▶ **Task brief**:
What you return must be the exact lines of the material below, from the first through the one that has "Business Leather Flip", with no pictures and, please, nothing else.

───── Data provided ─────

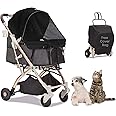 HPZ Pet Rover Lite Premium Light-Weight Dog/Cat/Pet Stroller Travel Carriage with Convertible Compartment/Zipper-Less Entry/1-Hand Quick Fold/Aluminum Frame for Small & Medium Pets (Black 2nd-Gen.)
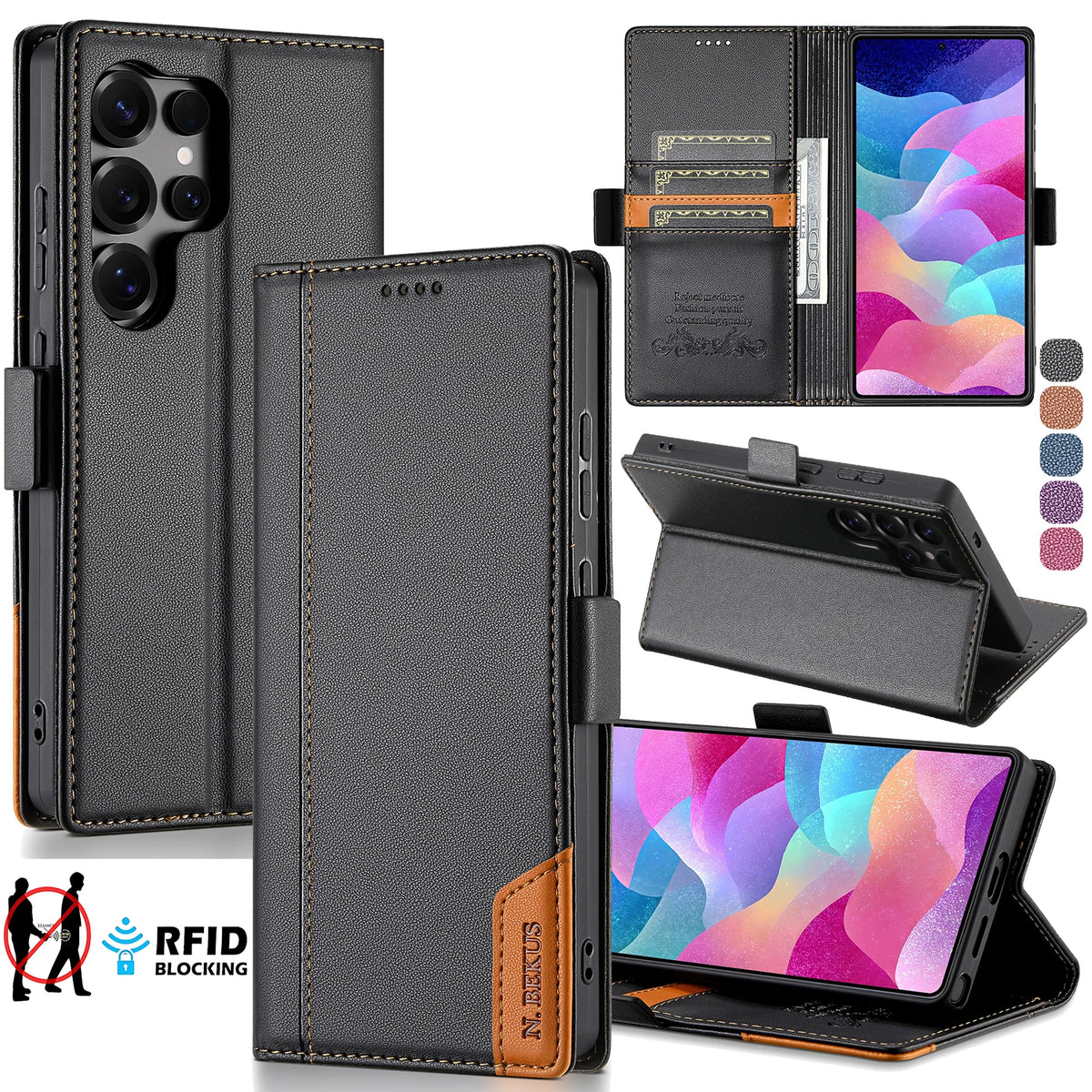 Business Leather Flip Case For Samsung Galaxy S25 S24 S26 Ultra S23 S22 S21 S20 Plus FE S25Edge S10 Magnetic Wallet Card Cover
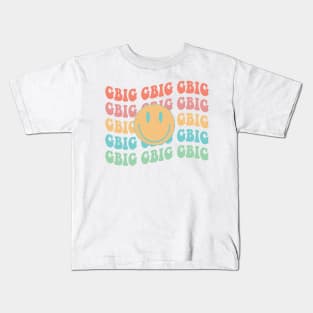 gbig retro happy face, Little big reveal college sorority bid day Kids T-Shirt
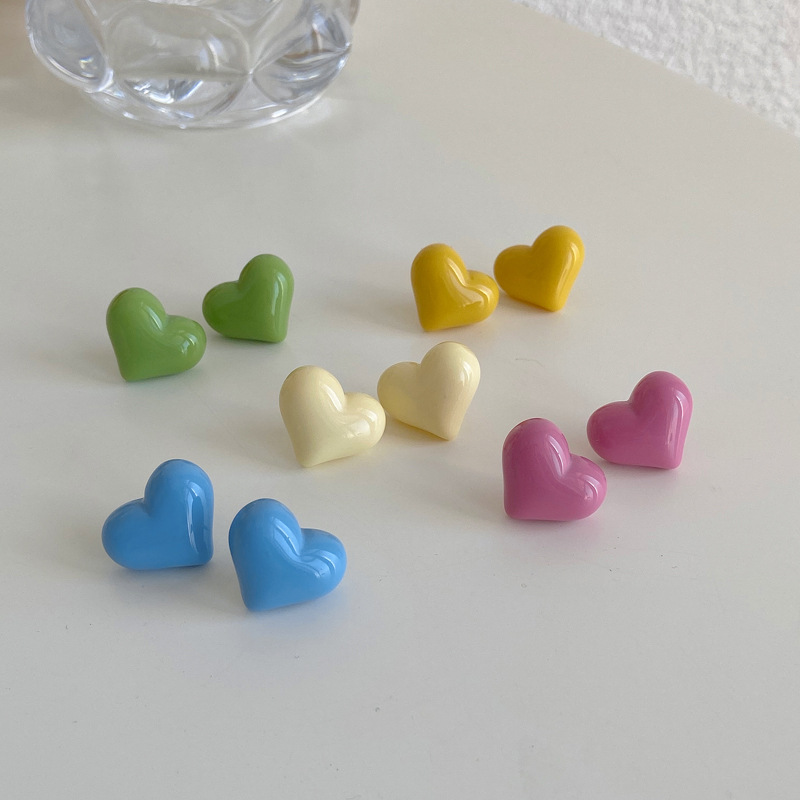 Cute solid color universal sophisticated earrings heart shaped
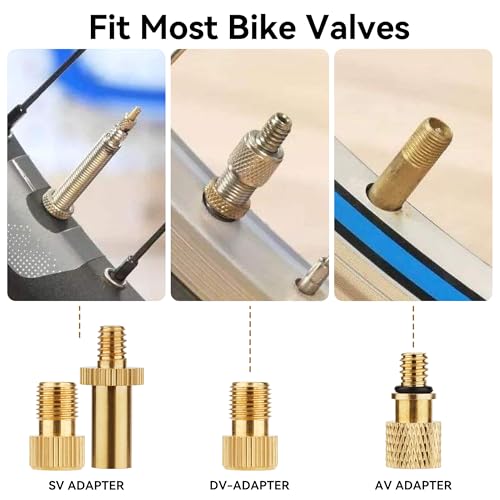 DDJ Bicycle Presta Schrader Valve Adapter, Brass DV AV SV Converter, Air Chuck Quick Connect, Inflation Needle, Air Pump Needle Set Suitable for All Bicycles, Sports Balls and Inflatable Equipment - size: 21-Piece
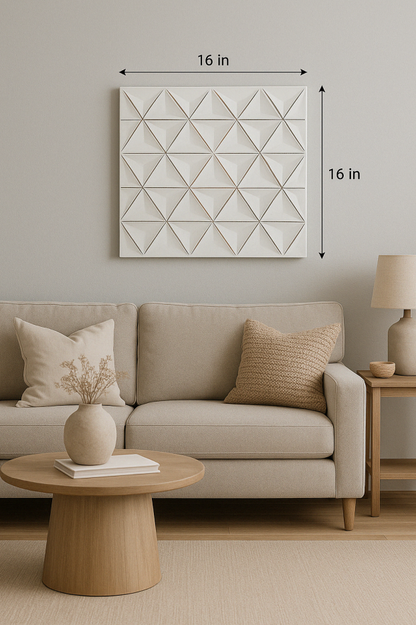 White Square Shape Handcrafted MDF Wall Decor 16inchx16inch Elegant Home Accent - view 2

─────

▶ **Completed task**:
 HPZ Pet Rover Lite Premium Light-Weight Dog/Cat/Pet Stroller Travel Carriage with Convertible Compartment/Zipper-Less Entry/1-Hand Quick Fold/Aluminum Frame for Small & Medium Pets (Black 2nd-Gen.)
 Business Leather Flip Case For Samsung Galaxy S25 S24 S26 Ultra S23 S22 S21 S20 Plus FE S25Edge S10 Magnetic Wallet Card Cover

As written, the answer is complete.